Red flag #8: You know something crucial about their area of expertise that they do not. Dealbreaker, move on.
A person in a social marketing agency once told me I needed to use hashtags on Facebook. Which sounds all fine and dandy here in 2016 except for the fact that this was about 2 years before hashtagging was even possible on Facebook. He didn’t use social media himself, must have been confused about something he heard, and never bothered to confirm it. If you’re going to hire an expert, make sure they’re actually an expert. If you don’t, remember you often get what you pay for (or don’t pay for as it were.)
Red flag #9: You have a bad feeling about them/You don’t think they are being honest with you/They seem to purposely talk over your head/They over-jargon their sales pitches. Judgment Call.
My friend owns a business and he found a company through word of mouth to build his website and possibly handle his Google AdWords account. He asked me to talk to the rep there because my friend doesn’t speak online marketing-ese. I exchanged a few emails with the rep and he came off kind of rude and pushy but when I got him on the phone he was all smoothed out. When I called my friend to tell him that I thought they would be fine, he said he had a bad feeling about the guy and the company. He thought the guy was too pushy and he wasn’t sure he liked him. From there, my friend needed to make that call for himself but for me it’s a dealbreaker: it hurts my soul to work with people I truly don’t like. My boss once said he can work with people he likes, with people he doesn’t like, but he cannot work with someone he can’t trust. Seems pretty reasonable to me. You have to decide where you stand on that for yourself but don’t ignore it as a red flag.

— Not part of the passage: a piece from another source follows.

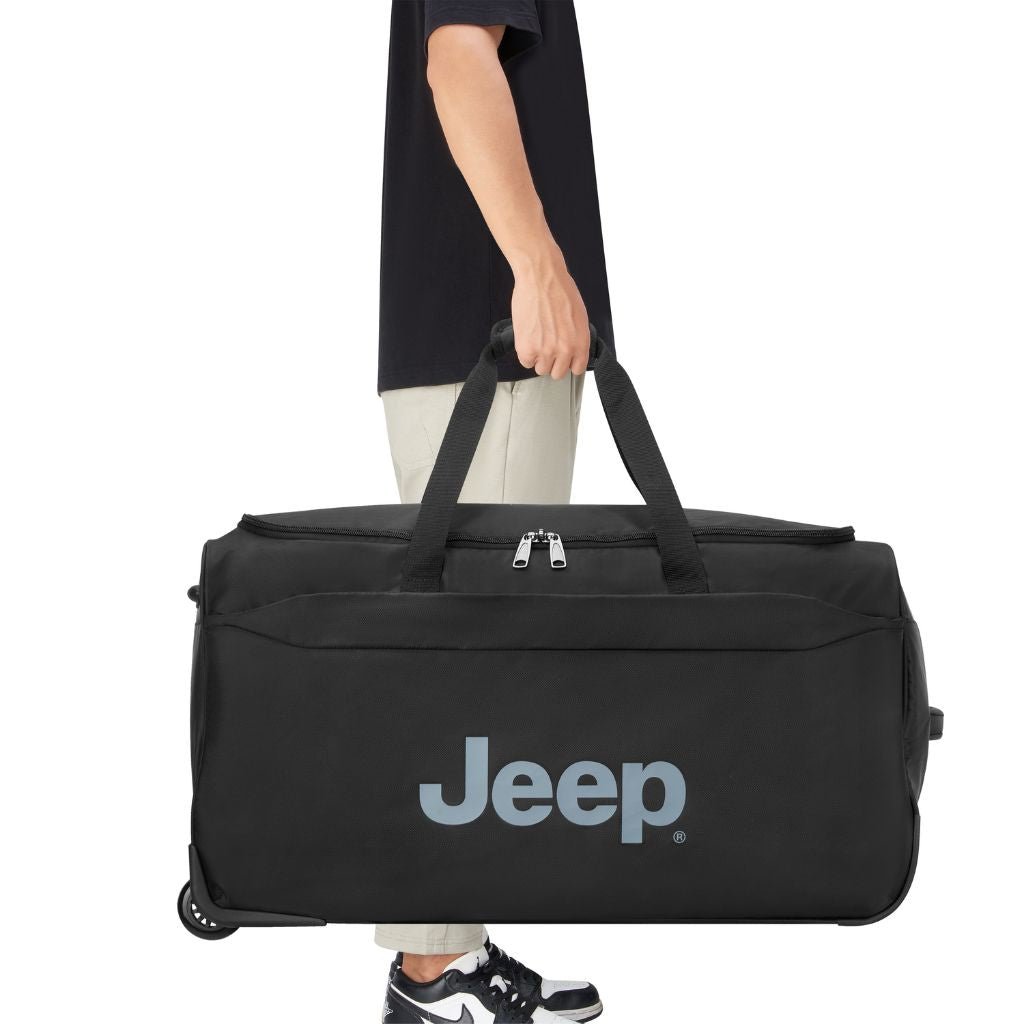 Jeep 73cm Duel Wheel Lightweight Medium Duffle Bag - Black | Water-Resistant Travel & Gym Bag for Men & Women | Perfect for Camping, Sports & Weekend Getaways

Congratulations! You now have an expert you trust to run something that will help you obtain your business goals! But don’t just settle on autopilot. People, technology, businesses, and goals all can change without much notice. Just because there were no red flags when you started working with an agency doesn’t mean that in a year or two there won’t be. Make sure that it continues to be the right investment for your business.